Her şeyin tevhid düzleminden uzaklaştırılarak sekülerleştirilmeye çalışıldığı günümüzde, erdeme ve erdemliliğe dair tanımlarda da bu ifsat edici yaklaşımın etkisine sıkça rastlamaktayız. Oysa seküler yaklaşımın bizatihi kendisinin bir erdemsizlik olduğunu ifade etmemiz gerekir.
Değil mi ki sekülerizm Âlemlerin Rabbi’ne itaatsizliktir, vefasızlıktır, nankörlük ve tuğyandır. Sekülerizm, Hududullah ve Hukukullah’ı tanımamak, insan hevasını ilahlaştırmak demektir, ki bu durumda “seküler erdemlilik”ten söz etmenin veya erdemliliği seküler bir çerçevede tanımlamaya çalışmanın anlamsızlığı ortadadır.

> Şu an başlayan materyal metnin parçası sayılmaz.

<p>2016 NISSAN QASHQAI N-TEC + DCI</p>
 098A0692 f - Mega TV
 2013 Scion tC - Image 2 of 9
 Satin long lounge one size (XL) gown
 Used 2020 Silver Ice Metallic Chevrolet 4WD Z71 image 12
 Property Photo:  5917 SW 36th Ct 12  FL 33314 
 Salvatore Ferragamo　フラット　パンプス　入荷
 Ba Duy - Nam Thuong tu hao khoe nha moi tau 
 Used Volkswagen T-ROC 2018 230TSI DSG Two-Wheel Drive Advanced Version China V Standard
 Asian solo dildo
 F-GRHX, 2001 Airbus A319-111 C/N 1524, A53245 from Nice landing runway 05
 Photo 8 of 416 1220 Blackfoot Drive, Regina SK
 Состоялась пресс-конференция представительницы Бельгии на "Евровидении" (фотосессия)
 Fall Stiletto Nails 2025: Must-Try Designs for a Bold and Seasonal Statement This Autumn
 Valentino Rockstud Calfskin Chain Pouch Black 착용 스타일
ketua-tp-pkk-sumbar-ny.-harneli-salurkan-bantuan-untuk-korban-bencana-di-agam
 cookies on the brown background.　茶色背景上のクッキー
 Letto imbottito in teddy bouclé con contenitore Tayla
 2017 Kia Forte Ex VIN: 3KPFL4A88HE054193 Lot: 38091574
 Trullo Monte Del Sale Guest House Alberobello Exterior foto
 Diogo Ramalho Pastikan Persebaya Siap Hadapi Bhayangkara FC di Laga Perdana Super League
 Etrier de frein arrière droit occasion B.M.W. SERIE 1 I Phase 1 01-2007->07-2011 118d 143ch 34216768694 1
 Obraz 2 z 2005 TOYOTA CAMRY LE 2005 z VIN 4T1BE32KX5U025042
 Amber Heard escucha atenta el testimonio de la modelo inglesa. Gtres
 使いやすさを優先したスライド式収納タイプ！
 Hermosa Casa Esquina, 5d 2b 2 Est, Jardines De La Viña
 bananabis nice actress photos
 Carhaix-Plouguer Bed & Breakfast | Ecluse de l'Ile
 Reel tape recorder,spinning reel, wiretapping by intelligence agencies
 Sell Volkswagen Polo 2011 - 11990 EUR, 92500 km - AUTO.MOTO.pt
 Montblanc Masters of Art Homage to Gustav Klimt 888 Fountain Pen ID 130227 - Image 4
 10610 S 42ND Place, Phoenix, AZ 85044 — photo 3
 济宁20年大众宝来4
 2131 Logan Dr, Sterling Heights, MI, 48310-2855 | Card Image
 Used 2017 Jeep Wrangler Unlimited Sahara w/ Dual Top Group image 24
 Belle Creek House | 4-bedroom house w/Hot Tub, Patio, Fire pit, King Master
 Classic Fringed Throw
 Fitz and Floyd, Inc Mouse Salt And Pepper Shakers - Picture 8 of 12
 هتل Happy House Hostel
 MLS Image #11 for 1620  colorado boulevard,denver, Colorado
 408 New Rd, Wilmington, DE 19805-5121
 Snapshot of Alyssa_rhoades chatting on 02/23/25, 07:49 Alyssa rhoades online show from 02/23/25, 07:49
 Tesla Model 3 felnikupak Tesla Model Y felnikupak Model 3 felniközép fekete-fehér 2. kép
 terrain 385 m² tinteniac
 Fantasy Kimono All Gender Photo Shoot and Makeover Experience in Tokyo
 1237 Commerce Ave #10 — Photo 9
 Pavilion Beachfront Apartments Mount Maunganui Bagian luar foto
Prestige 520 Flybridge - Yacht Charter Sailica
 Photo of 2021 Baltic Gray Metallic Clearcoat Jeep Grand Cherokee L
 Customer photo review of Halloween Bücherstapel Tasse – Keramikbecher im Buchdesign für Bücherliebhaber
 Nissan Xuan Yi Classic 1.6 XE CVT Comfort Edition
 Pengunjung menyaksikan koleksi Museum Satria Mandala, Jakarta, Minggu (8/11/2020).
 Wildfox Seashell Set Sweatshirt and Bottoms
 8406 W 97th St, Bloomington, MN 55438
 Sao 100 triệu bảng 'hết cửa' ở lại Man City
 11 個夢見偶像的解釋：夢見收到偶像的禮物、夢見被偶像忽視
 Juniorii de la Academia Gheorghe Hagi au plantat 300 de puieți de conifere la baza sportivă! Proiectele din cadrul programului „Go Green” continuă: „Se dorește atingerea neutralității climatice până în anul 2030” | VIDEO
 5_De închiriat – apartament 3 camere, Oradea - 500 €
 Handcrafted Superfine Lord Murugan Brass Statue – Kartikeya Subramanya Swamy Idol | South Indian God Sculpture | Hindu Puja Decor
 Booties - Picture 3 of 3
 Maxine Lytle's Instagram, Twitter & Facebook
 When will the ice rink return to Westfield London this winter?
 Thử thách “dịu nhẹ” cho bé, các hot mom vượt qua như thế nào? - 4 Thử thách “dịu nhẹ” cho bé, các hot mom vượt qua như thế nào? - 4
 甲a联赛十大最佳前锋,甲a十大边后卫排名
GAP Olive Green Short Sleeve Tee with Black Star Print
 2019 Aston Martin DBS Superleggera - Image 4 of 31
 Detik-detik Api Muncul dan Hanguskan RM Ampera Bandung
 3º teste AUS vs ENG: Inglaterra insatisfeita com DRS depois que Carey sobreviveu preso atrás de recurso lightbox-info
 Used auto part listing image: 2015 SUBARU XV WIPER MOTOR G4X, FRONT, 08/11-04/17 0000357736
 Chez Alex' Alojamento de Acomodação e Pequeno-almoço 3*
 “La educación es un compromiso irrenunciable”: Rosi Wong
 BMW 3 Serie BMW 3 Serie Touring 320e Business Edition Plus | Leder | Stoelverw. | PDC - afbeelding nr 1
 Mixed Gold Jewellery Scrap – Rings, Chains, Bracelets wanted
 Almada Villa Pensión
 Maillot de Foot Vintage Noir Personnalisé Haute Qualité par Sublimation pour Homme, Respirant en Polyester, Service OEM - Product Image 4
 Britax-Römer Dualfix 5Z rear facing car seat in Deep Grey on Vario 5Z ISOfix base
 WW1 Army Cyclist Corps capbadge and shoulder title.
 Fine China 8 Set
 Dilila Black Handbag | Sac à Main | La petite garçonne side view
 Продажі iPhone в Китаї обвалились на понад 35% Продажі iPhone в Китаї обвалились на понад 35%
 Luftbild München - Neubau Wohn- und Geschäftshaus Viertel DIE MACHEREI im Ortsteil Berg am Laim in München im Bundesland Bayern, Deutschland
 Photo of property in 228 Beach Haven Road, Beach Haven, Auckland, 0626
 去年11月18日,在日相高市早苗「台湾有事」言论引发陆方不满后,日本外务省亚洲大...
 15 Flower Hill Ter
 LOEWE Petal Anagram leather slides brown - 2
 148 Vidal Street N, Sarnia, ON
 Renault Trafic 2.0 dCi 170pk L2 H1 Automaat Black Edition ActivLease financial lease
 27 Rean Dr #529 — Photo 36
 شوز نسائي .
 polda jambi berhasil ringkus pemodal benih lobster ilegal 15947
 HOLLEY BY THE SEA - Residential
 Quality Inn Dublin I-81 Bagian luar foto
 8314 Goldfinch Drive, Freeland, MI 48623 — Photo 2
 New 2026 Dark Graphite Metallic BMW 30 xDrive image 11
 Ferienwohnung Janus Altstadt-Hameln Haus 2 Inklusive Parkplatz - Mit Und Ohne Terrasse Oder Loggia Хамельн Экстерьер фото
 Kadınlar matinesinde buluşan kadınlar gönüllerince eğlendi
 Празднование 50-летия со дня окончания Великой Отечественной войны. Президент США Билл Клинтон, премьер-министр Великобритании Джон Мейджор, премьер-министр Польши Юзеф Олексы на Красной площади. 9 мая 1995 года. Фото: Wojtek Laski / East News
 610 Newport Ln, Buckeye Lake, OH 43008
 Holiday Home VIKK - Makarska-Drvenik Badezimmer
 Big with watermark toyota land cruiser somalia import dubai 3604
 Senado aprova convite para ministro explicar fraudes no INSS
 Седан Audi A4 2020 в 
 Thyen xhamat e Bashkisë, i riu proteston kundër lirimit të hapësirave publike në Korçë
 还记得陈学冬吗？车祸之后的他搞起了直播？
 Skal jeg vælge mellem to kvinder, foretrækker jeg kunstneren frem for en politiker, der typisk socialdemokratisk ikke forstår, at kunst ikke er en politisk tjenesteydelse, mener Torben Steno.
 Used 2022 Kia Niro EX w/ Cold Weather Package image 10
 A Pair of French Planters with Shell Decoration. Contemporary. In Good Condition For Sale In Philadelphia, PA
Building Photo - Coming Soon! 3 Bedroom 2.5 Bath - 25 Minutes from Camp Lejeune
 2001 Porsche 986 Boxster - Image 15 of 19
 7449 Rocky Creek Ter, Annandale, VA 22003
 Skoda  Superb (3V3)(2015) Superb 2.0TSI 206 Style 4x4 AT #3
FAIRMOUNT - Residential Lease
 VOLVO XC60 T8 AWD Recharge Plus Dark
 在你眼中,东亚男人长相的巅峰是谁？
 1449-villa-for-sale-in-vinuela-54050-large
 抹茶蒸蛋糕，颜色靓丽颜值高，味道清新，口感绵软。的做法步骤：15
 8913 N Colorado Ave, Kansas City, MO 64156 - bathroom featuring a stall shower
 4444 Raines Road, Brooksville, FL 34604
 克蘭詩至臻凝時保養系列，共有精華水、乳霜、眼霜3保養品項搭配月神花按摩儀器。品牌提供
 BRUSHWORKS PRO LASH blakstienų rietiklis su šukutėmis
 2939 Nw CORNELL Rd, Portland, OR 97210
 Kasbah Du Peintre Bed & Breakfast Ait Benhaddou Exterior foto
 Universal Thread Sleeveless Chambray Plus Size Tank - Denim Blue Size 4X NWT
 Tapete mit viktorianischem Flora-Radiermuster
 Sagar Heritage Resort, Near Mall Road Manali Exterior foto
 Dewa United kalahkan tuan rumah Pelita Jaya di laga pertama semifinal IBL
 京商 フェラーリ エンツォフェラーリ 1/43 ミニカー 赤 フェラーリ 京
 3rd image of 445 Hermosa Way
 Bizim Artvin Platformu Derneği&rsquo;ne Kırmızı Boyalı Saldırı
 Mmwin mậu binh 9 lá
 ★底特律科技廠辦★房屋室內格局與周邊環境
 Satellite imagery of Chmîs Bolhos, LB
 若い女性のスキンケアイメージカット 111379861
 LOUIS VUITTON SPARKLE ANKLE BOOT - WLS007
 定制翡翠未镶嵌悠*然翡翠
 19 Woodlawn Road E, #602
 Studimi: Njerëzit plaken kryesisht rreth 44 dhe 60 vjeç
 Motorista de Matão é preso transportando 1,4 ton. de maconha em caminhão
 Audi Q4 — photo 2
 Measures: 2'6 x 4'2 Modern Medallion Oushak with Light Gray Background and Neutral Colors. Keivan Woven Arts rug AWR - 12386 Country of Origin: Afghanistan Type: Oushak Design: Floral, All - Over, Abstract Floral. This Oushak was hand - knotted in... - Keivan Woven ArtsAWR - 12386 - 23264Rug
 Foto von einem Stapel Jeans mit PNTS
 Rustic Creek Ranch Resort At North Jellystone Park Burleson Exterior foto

Nitekim Gazze’ye yönelik işgalci emperyalist/siyonist soykırım saldırıları sürecinde birkaç asırdır dünyaya “evrensel değerler” ambalajında ve “seküler ahlak ve erdemliliğin” parametreleri olarak propaganda edilen “insan hakları”, “savaş hukuku” gibi mefhumların birer helvadan put olduklarına bir kez daha tanıklık ettik.
Rabbimizin bizim için seçip râzı olduğu yegâne hak hayat nizamının İslam olduğunun[8] ve ondan başka hiçbir dini (hayat nizamını) bizden asla kabul etmeyeceğinin[9] bilincinde olarak, erdemli olmanın ve erdemlilik üzere bir hayat inşa etmenin ancak İslam’ın ilke ve ölçülerine ittiba etmek ve bunda sebatkâr olmakla mümkün olduğunu dile getirmemiz gerekir.
[1] Bkz: Tur, 52/48; Kalem, 68/48; İnsan, 76/24
[2] Bkz: Kalem, 68/4
[3] Muvatta, Husnü’l Halk, 8; Müsned, 2/381
[4] Bkz: Bakara, 2/178-179
[5] Bkz: Haşr, 59/7
[6] Enbiya, 21/1
[7] Bkz: İnsan, 76/3
[8] Bkz: Âl-i İmran, 3/19
[9] Bkz: Âl-i İmran, 3/85
(Not: Bu makale Vuslat Dergisi'nin Mart 2024 sayısında yayımlanmıştır.)